Kayıp Söz

Oya Baydar yeni romanı Kayıp Söz'de (Can yay) Doğu'da ve Batı'da, Dünyada hemen her yerde hüküm süren şiddeti anlatıyor. Romanın kahramanları 68 kuşağından, devrim umudunu, özgürlük umudunu birlikte yaşamış bir çift, Ömer ve Elif. Ömer, zamanla konum değiştirmiş, eski politik düşüncelerinden caymış, hatta kendi deyimiyle karşı tarafa geçmiş çok satan romanlara imza atmış bir yazar. Çok okundukça, ünlendikçe kendi özünden kopmuş, okurun hoşuna giden cilalı, boş cümlelerle, klişelerle piyasa beğenisine uygun romanlar yazmış ve sözün bittiği noktaya kadar gelmiş. Artık yazamıyor, belleğindeki, anılarındaki konuları da, okuru çeken hoş cümlelerini de tüketmiş. Yeni romanına başlayacak sözün, o ilk cümlenin peşinde Doğu'ya gidiyor. Ömer'in Doğu yolculuğu, Ankara otogarında maganda kurşunu ile yaralanıp karnındaki çocuğu kaybeden Zelal'i ve Mahmut'u görmesi ile başlıyor. Ömer, töre cinayetine kurban gitmemek için kaçan Zelal ve örgütten de devletten de kaçan Mahmut'a insani duygularla yardım ediyor, hastaneye yatırıyor. Onların hali, yaşadıkları, acıları, yitirdiği sözü Doğu'da bulacağını düşündürüyor. Bir otobüse binip Mahmut'un memleketine doğru yola çıkıyor.

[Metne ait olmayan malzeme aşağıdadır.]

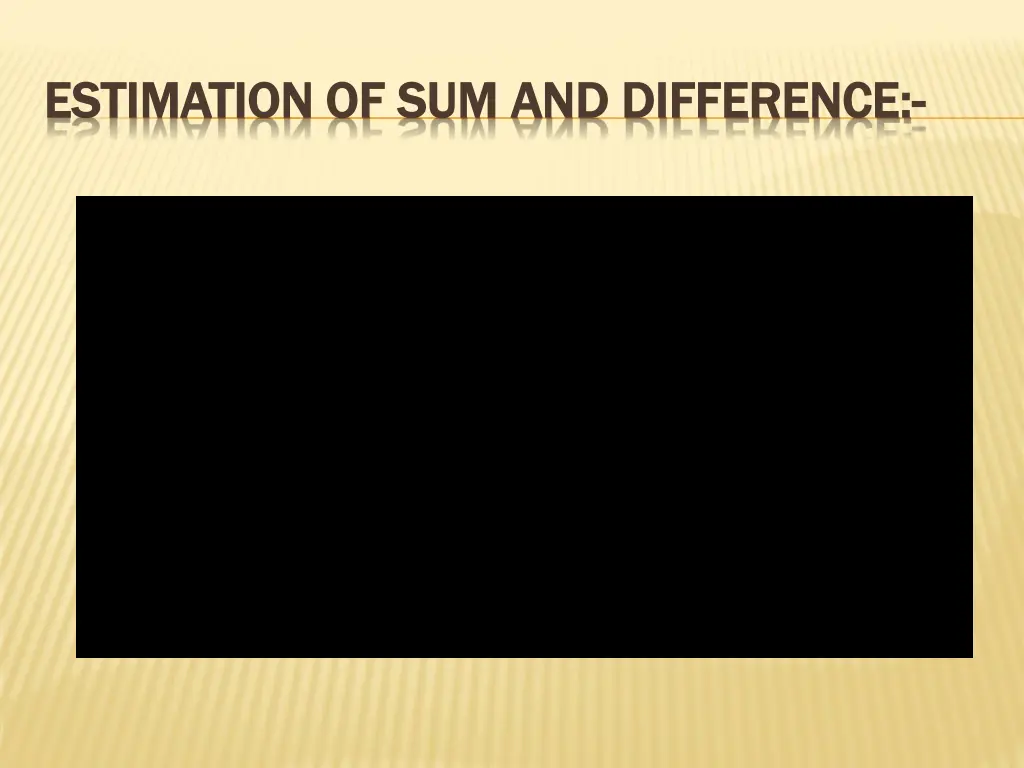 estimation of sum and difference estimation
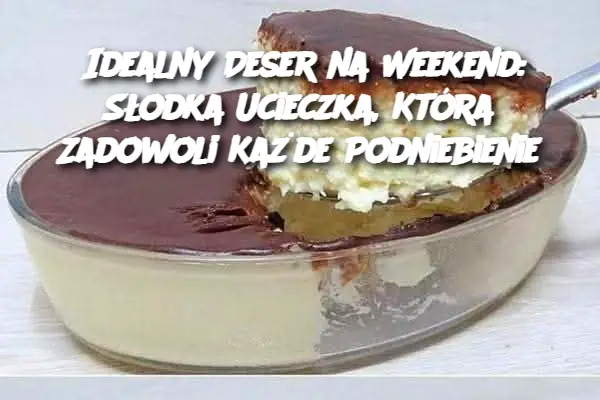 Idealny Deser na Weekend: Słodka Ucieczka, Która Zadowoli Każde Podniebienie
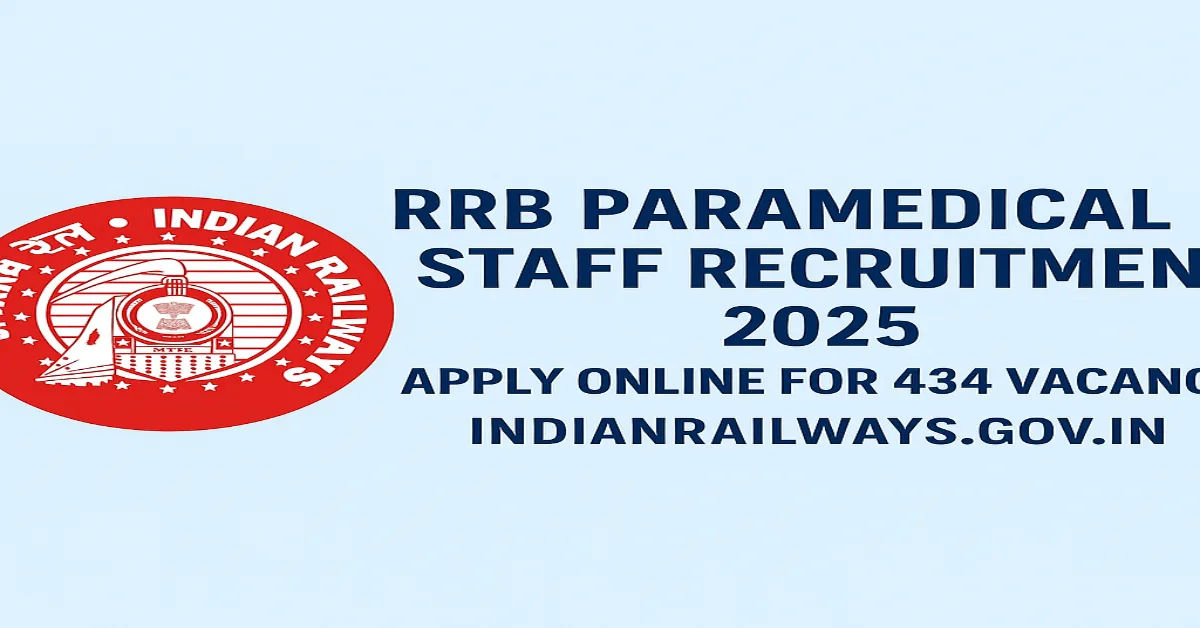 RRB Paramedical Staff Recruitment 2025 – Apply Online for 434 Vacancies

Elif, hayatını bilime adamış. Zamanının çoğunu genetik araştırmalarında, fareler üzerinde yaptığı deneylerle ve o deneylerden elde ettiği verileri paylaştığı bilimsel toplantılarda geçiriyor. Danimarka'ya bir toplantıya gidince yitik saydığı oğlunu görmeye karar veriyor. Norveç'te, bir adada yaşıyor oğulları Deniz.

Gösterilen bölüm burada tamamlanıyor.